▸ Required work
From the data below, retype exactly the lines starting with the one that contains "Bewertung und Preis" and ending with the one that contains "Papiersnijder - Papiersnijmachine", both included.

▸ Given records
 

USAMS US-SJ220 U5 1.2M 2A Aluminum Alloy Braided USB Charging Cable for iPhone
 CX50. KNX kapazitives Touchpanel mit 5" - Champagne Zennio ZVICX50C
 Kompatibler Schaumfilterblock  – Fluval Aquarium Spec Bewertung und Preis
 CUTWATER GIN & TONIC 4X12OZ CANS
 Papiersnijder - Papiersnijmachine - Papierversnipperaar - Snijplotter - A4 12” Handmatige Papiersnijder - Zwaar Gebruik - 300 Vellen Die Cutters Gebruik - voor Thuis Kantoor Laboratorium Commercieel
==
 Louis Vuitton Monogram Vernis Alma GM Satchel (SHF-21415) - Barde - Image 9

▸ Result below
 Kompatibler Schaumfilterblock  – Fluval Aquarium Spec Bewertung und Preis
 CUTWATER GIN & TONIC 4X12OZ CANS
 Papiersnijder - Papiersnijmachine - Papierversnipperaar - Snijplotter - A4 12” Handmatige Papiersnijder - Zwaar Gebruik - 300 Vellen Die Cutters Gebruik - voor Thuis Kantoor Laboratorium Commercieel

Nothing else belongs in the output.